Forward Purchase Agreement
Following the Initial Public Offering on January 28, 2021, the Company entered into a forward purchase agreement dated January 28, 2021 with HEC Master Fund LP (“HEC Master”) pursuant to which HEC Master will purchase from the Company up to 5,000,000 forward purchase units (the “Forward Purchase Units”), consisting of one share of Class A common stock (the “Forward Purchase Shares”) and a mutually agreed upon number of warrants to purchase one share of Class A common stock (the “Forward Purchase Warrants” and, together with the Forward Purchase Shares, the “Forward Purchase Securities”),for $10.00 per unit, in a private placement that will close concurrently with the closing of the initial Business Combination. The proceeds from the sale of these Forward Purchase Units, together with the amounts available to the Company from the Trust Account (after giving effect to any redemptions of Public Shares) and any other equity or debt financing obtained by the Company in connection with the Business Combination, will be used to satisfy the cash requirements of the Business Combination, including funding the purchase price and paying expenses and retaining specified amounts to be used by the post-Business Combination company for working capital or other purposes. To the extent that the amounts available from the Trust Account and other financing are sufficient for such cash requirements, HEC Master may purchase less than an agreed upon number of Forward Purchase Units. In addition, HEC Master’s commitment under the forward purchase agreement will be subject to approval, prior to the Company entering into a definitive agreement for the initial Business Combination, of its investment committee. Pursuant to the terms of the Forward Purchase Agreement, HEC Master will have the option to assign its commitment to one of its affiliates and an agreed upon amount to members of the Company’s management team. The Forward Purchase Shares will be identical to the shares of Class A common stock included in the units sold in the Initial Public Offering, except that they will be subject to transfer restrictions and registration rights. The Forward Purchase Warrants will have the same terms as the Private Placement Warrants so long as they are held by HEC Master or its permitted assignees and transferees.

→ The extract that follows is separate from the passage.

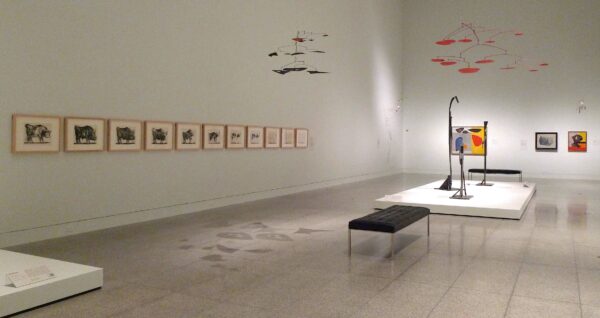 Exhibition view with works on paper, painting, sculpture and suspended mobiles by both Calder and Picasso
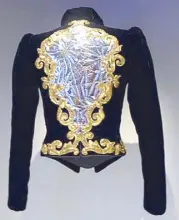  ??  ?? Yves Saint Laurent collaborat­ed with the best artisans. This jacket is the work of embroidere­r François Lesage. The design shows a baroque-inspired broken mirror, framed by scrolls of broken yarn and silver plastic stitched with seed beads.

NOTE 6. COMMITMENTS AND CONTINGENCIES
Management continues to evaluate the impact of the
COVID-19
pandemic and has concluded that while it is reasonably possible that the virus could have a negative effect on the Company’s financial position, results of its operations and/or search for a target company, the specific impact is not readily determinable as of the date of these condensed financial statements. The condensed financial statements do not include any adjustments that might result from the outcome of this uncertainty.
In February 2022, the Russian Federation and Belarus commenced a military action with the country of Ukraine. As a result of this action, various nations, including the United States, have instituted economic sanctions against the Russian Federation and Belarus. Furthermore, the impact of this action and related sanctions on the world economy are not determinable as of the date of these condensed financial statements, and the specific impact on the Company’s financial condition, results of operations, and cash flows is also not determinable as of the date of these condensed financial statements.